# Safety Deposit Box



## paulocon (18 Jul 2008)

Hi,

Have a few valuable documents at home which I would like stored somewhere secure (share certs etc.)..

Anyone know if banks offer Safety Deposit Boxes and what the cost would be. Anyone suggest any alternatives for storage of such documents?

thanks in advance


----------



## ClubMan (18 Jul 2008)

_PTSB _store our mortgage deeds for free. I am a current account customer of the bank for the past 10+ years.


----------



## Ravima (18 Jul 2008)

Deeds etc could be stored free with solicitor in the strong room. 

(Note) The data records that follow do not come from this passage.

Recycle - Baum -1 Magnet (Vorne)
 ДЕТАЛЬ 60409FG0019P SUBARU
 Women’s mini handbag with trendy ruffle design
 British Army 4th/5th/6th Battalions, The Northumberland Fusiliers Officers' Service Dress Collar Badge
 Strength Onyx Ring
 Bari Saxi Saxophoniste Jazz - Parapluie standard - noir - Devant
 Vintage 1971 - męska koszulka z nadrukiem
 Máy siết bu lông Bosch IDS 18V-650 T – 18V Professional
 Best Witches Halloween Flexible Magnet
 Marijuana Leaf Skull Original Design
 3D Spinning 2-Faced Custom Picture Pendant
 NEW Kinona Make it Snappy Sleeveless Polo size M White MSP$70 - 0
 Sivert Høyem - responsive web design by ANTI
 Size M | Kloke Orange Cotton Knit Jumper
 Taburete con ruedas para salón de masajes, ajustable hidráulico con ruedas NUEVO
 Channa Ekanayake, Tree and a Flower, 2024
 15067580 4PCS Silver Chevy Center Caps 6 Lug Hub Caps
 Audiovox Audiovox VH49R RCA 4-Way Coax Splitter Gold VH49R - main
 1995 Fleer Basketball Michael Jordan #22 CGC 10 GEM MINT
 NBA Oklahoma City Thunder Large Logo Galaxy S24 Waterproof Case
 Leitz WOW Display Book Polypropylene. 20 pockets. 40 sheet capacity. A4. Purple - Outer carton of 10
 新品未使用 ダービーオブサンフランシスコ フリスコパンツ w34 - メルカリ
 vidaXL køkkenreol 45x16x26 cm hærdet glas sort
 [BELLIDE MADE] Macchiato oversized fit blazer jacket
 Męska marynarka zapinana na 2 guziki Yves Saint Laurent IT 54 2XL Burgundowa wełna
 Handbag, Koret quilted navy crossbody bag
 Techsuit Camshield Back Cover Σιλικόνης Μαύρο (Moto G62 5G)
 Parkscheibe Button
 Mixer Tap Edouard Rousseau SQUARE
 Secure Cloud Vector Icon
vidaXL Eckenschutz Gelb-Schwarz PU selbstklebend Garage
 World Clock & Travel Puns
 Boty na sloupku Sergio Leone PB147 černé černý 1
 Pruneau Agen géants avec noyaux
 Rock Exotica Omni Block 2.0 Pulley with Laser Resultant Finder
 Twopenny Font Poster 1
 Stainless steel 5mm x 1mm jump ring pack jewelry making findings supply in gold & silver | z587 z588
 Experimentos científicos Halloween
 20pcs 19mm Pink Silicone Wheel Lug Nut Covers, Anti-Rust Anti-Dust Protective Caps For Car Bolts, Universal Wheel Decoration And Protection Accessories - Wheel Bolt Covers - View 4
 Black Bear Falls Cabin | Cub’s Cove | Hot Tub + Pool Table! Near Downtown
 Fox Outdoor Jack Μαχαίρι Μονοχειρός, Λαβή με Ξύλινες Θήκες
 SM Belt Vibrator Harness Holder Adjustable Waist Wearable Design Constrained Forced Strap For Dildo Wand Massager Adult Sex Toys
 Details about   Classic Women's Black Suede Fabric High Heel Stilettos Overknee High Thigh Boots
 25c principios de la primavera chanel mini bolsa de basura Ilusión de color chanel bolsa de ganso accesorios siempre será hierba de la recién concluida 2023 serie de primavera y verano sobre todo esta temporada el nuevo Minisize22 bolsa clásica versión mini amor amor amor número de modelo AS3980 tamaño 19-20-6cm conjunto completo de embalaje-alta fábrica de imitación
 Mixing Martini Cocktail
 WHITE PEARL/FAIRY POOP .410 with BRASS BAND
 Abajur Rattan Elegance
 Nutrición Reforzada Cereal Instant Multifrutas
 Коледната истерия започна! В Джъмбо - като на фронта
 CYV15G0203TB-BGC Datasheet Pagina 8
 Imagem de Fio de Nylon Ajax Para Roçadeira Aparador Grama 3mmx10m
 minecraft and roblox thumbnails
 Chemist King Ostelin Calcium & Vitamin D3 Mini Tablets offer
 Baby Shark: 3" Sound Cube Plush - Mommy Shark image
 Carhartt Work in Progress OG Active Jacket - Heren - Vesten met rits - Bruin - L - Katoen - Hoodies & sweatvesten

DO you really need share certs? It is far easier to sell if you hold the shares electronically in CREST or less secure, brokers nominee account.


----------



## mercman (18 Jul 2008)

Bank of Ireland in College Green are the only bank in the country that operate Safety Deposit Boxes. They do not have a waiting list. Trying to cease the operation. The other Banks stopped it around 5 years ago


----------



## ClubMan (18 Jul 2008)

mercman said:


> Bank of Ireland in College Green are the only bank in the country that operate Safety Deposit Boxes. They do not have a waiting list. Trying to cease the operation. The other Banks stopped it around 5 years ago


Eh? Is bank safe keeping different from a safety deposit box? _PTSB _are still storing my house deeds. At least I hope they haven't chucked them in a skip since I handed them over!


----------



## mercman (18 Jul 2008)

Ah Clubman. Hate to tell you that the Banks ceased storing papers and valuables for clients at least five years ago. You better check if they are still holding your title deeds.


----------



## ClubMan (18 Jul 2008)

I will. But presumably they would contact customers who had stuff lodged for safe keeping if they were ceasing to provide the service?


----------



## Celtwytch (11 Sep 2008)

I know that Bank of Ireland will not take on any new safety deposit box holders, but they do continue to operate the service for existing holders.  Don't think the contents have landed in that skip just yet


----------



## contact23 (9 Jan 2009)

hi does any one know of any company offering secure storage for .. say  valuables etc?


----------



## kimmage (9 Jan 2009)

ClubMan, I think you are okay.  They say this facility is no-longer available and the fees are only for "existing customers" so I would say they still have them.

Please Ignore. sorry.


----------



## ClubMan (9 Jan 2009)

Actually I never did look into this - I must!


----------



## mercman (11 Jan 2009)

contact23 said:


> hi does any one know of any company offering secure storage for .. say  valuables etc?



Document and file storage ltd in Dunshaughlin,Co.Meath store that kind of stuff


----------